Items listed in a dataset

********************

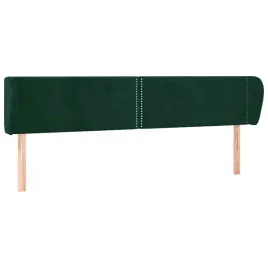 zaglowek-uszak-ciemnozielony-203x23x78-88-cm-aksamitny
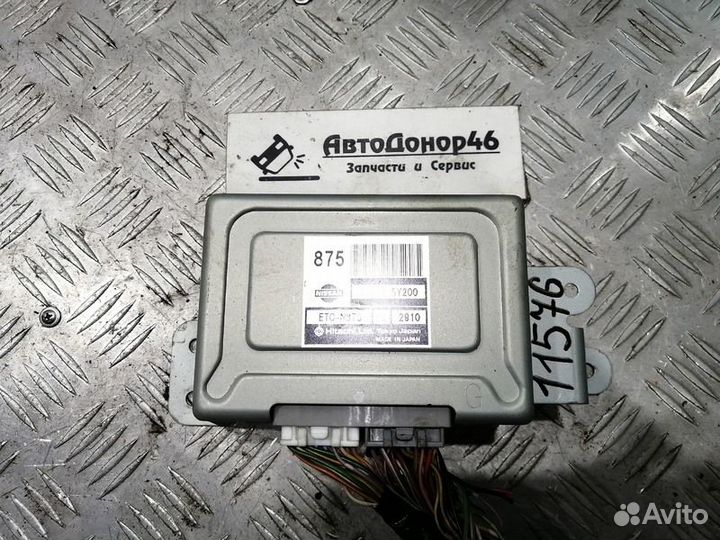 Блок управления АКПП Nissan Maxima A33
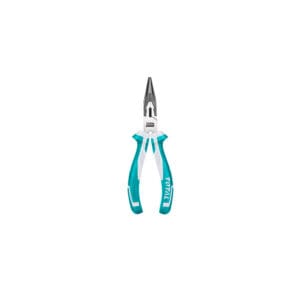 Long Nose Pliers 200mm (8″), TOTAL TOOLS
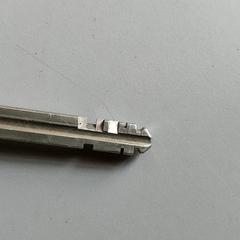 Kľúče, ako bolo nahlásené Centraal magazijn pomocou iLost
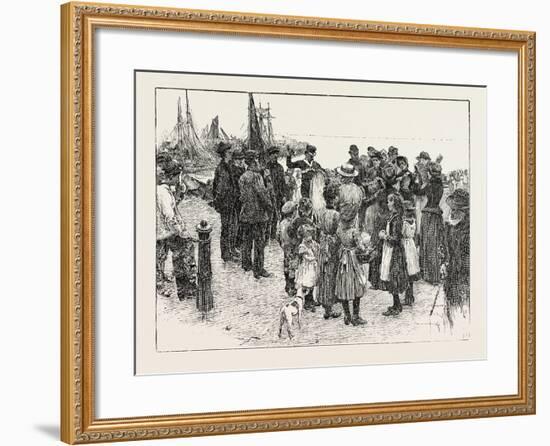 Soldiers and Sailors the Salvation Army-null-Framed Giclee Print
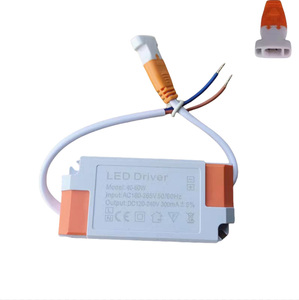 600ma involucro di plastica 2.5kv 4kv protezione contro le sovratensioni led driver 40w 60w 80w driver a corrente costante led - Product Image 1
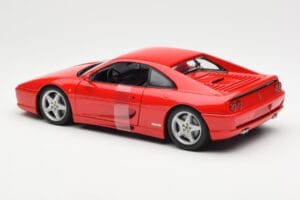 Ferrari F355 Berlinetta Punane UT Models 1:18 180074020 Metall - pilt 5/6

********************

BRIEF –
Please give back an exact copy of the entries above from their first line through the line containing "600ma involucro di", leaving the pictures aside.

RESPONSE BOX –
 zaglowek-uszak-ciemnozielony-203x23x78-88-cm-aksamitny
 Блок управления АКПП Nissan Maxima A33
 Long Nose Pliers 200mm (8″), TOTAL TOOLS
 Kľúče, ako bolo nahlásené Centraal magazijn pomocou iLost
 Soldiers and Sailors the Salvation Army-null-Framed Giclee Print
 600ma involucro di plastica 2.5kv 4kv protezione contro le sovratensioni led driver 40w 60w 80w driver a corrente costante led - Product Image 1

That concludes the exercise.